* _GOAL OF THE EXERCISE_: Repeat the entire listing exactly. Omit all pictures.

* _DATA BELOW_:
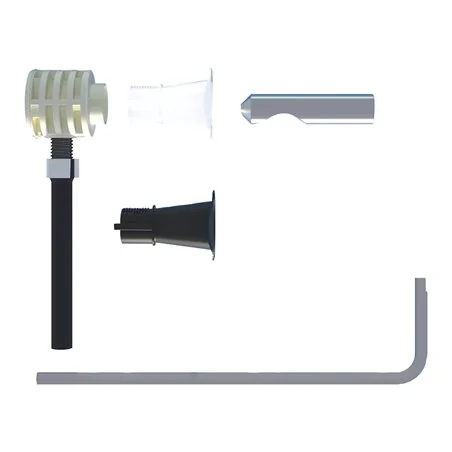 FISSAGGIO NASCOSTO PER SANITARI SOSPESI CON ACCESSO DAL BASSO 'WB9 B TU'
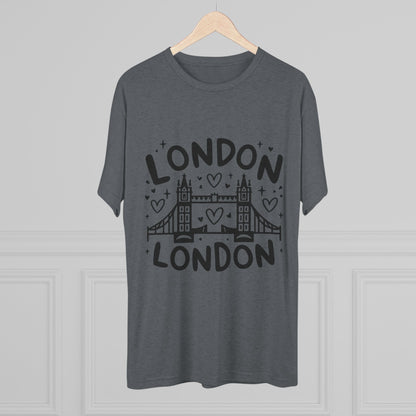 London Vibes Stylish Unisex Tri-Blend Crew Tee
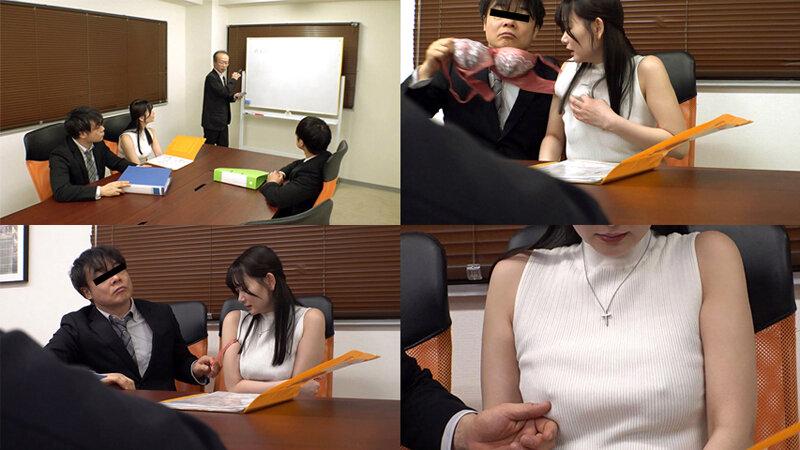 KTB-100 オフィス痴●で感じちゃう…敏感OLは職場の男達に1日中触られ放題のいつでもOKドスケベ娘【痴感オフィスレディ・静河さん21歳の場合】 シーン3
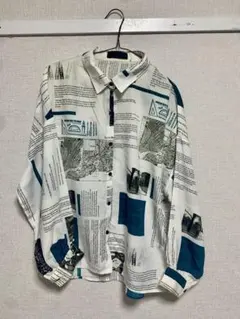 CRYA プリント柄長袖シャツ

* _EXPECTED OUTPUT_:
 FISSAGGIO NASCOSTO PER SANITARI SOSPESI CON ACCESSO DAL BASSO 'WB9 B TU'
 London Vibes Stylish Unisex Tri-Blend Crew Tee
 KTB-100 オフィス痴●で感じちゃう…敏感OLは職場の男達に1日中触られ放題のいつでもOKドスケベ娘【痴感オフィスレディ・静河さん21歳の場合】 シーン3
 CRYA プリント柄長袖シャツ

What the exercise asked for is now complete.